Clinton disregards any implications that do not fit her theory. She frets at length about the ideological views of isolated young men — whose alleged political extremism she casts as the primary incentive to restore community in America — while ignoring that, in a whole host of other areas, loneliness and isolation are far more reliable predictors of progressive politics than they are of unreconstructed Bannonism. Among the correlations that Clinton neglects to acknowledge are that married Americans overwhelmingly vote for Republicans while single Americans overwhelmingly vote for Democrats; that there is a clear link between communities with more children and a preference for conservative politics; that Americans who attend religious services at least once a week are more Republican than Democrat by 15 points; and that, whatever their other faults may be, Republican voters have more friends across the political divide than do Democrats and, perhaps as a result, are better at explaining what their ideological opponents believe. “To defend America against those who would exploit our social disconnection,” the piece’s subtitle reads, “we need to rebuild our communities.” It seems not to have occurred to Hillary Clinton that if the people of the United States were, indeed, “to work together to help families raise healthy, successful children,” the most likely consequence would be a profound diminishment in the fortunes of the Democratic Party. Post hoc, ergo propter hoc works both ways, you know.
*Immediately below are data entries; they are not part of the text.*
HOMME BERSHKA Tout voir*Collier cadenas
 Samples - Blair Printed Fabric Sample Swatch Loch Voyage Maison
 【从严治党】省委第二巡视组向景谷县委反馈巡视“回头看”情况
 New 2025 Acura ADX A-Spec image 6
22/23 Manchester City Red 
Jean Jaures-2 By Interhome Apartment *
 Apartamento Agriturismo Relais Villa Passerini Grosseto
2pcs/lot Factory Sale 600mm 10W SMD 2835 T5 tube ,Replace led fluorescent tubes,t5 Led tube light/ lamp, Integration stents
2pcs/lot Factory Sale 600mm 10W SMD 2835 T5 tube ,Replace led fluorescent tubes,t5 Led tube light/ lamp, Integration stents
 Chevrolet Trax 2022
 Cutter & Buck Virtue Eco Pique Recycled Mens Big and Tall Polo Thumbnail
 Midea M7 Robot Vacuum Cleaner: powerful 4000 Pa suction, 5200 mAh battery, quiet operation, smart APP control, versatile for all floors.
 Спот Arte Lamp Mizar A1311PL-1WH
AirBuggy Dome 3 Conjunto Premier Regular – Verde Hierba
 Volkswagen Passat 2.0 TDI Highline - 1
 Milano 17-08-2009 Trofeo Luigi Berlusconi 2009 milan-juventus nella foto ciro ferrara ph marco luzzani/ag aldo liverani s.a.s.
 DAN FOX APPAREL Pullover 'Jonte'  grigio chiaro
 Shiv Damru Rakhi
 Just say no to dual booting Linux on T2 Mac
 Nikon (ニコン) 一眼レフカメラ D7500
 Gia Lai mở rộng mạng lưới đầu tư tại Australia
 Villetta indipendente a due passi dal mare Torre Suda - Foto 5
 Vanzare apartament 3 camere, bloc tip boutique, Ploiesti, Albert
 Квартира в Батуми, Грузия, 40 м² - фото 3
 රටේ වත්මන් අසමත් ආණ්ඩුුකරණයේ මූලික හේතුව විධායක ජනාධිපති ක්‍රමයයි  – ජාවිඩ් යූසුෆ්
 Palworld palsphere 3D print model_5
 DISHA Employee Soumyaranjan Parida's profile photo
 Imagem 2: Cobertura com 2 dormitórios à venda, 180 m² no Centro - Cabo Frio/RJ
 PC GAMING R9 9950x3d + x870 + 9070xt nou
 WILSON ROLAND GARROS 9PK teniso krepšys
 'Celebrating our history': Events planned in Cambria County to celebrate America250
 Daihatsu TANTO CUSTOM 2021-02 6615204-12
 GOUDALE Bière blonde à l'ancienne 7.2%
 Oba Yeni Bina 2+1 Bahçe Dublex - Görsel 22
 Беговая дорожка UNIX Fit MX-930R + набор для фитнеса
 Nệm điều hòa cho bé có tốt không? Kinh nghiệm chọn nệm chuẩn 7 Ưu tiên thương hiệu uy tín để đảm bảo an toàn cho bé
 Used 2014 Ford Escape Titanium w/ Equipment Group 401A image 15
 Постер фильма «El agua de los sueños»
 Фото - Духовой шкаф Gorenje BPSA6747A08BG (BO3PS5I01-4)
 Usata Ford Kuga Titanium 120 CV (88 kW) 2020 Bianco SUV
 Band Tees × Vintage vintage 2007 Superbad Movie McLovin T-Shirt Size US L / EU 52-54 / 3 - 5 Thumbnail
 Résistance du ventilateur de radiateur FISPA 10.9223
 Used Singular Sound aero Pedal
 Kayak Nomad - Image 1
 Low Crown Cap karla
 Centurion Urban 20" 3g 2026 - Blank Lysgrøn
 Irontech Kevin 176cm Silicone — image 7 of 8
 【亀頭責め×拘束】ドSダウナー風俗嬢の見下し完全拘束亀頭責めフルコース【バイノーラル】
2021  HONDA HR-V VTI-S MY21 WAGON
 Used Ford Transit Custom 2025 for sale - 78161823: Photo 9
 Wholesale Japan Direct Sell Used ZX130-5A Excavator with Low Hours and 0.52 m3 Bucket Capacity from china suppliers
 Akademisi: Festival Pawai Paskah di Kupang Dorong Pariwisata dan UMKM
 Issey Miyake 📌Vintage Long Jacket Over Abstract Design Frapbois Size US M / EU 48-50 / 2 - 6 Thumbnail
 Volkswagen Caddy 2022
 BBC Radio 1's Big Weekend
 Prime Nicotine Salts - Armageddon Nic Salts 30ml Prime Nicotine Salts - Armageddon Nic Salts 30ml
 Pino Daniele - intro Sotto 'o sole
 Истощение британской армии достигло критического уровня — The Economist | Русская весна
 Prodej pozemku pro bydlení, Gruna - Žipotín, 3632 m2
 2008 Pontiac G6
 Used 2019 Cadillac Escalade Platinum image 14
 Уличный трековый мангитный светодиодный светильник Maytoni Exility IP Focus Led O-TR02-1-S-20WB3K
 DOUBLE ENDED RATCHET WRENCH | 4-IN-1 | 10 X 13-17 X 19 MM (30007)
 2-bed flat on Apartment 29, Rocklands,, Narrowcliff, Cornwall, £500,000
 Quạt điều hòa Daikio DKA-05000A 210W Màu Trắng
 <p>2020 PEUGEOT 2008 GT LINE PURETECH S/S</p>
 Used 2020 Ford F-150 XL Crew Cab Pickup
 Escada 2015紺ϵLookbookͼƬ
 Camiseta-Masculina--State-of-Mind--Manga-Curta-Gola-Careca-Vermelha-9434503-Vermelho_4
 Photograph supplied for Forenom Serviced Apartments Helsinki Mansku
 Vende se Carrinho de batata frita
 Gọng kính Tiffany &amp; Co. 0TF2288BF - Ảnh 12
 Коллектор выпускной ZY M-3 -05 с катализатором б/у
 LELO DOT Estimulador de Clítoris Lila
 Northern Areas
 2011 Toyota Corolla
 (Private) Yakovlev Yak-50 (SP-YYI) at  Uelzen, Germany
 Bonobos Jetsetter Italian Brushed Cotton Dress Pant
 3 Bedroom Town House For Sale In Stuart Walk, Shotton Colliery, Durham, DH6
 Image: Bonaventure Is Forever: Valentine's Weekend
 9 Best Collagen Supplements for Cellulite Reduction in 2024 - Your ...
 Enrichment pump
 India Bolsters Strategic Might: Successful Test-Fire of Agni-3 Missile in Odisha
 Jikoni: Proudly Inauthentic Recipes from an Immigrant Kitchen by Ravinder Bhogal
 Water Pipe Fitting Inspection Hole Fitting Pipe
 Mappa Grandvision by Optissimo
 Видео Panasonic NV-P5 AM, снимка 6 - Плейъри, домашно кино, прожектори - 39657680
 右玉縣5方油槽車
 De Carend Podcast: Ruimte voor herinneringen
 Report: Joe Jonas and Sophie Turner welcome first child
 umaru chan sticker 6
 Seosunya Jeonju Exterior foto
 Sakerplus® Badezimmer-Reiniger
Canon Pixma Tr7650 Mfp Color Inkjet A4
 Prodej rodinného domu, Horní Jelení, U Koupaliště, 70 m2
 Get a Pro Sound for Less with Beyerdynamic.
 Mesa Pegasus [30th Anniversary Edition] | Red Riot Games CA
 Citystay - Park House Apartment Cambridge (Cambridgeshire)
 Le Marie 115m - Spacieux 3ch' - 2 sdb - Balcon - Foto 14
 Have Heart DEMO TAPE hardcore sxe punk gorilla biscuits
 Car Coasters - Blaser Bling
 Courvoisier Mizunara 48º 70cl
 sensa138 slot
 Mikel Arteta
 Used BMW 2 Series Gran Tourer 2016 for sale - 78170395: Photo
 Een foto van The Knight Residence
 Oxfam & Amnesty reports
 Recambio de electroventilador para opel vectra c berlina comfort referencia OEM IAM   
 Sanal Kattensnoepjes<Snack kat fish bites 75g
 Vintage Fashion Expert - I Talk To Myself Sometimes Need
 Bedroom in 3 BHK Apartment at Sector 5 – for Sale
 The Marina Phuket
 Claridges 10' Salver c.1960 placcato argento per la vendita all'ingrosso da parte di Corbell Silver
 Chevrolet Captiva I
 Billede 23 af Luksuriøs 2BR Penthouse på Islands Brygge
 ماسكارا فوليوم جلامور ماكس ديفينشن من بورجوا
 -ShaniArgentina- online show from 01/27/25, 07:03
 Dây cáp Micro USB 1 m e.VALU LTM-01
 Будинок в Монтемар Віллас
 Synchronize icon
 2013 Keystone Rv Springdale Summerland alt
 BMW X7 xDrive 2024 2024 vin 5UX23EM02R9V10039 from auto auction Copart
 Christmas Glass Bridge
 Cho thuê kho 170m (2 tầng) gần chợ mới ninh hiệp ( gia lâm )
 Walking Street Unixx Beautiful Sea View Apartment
This myopia plagues the piece throughout. When diagnosing what has gone wrong, Clinton acknowledges that “many of the activities and relationships that had defined and sustained previous generations, such as attending religious services and joining unions, clubs, and civic organizations” have died out. And yet, when called upon to provide a solution, she embraces only those items that appeal to her politically. The exhaustive list of communal activities that Clinton claims “inspire” her includes “moms and dads showing up at school-board meetings and getting involved in local politics for the first time because they refuse to let extremists ban books from the neighborhood library” (but not, for some reason, those parents’ showing up because they want to prevent their kids from being shown porn); teenagers turning to old-school flip phones so they’re no longer at the mercy of giant tech firms and hidden algorithms; “companies giving employees time off to vote”; and “workers bravely organizing corporate warehouses and coffee shops, or walking a picket line.” It does not include churches, small businesses, sports leagues, or homeschooling groups — all of which undoubtedly help to allay loneliness but are evidently indulged by the wrong sorts of people. Most amazing of all, Clinton has the temerity to offer up this ludicrously tribal view of the country while decrying the “toxic ‘us versus them’ dichotomies” that she insists are holding us back. How nice it must be to be so perfect.

The title of Clinton’s piece is “The Weaponization of Loneliness.” I suspect that she intends this as an accusation, but, in truth, it’s a confession of intent that, before too long, will have been downloaded by every last one of Clinton’s fellow monomaniacs and impressed seamlessly into the service of The Cause.